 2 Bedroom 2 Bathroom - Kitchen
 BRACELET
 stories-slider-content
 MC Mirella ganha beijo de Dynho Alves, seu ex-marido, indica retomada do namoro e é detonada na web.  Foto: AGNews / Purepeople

> **PROBLEM STATEMENT**
Extract the full listing and reproduce each line exactly.

> **ANSWER TO THIS EXERCISE**
 2 Bedroom 2 Bathroom - Kitchen
 BRACELET
 stories-slider-content
 MC Mirella ganha beijo de Dynho Alves, seu ex-marido, indica retomada do namoro e é detonada na web.  Foto: AGNews / Purepeople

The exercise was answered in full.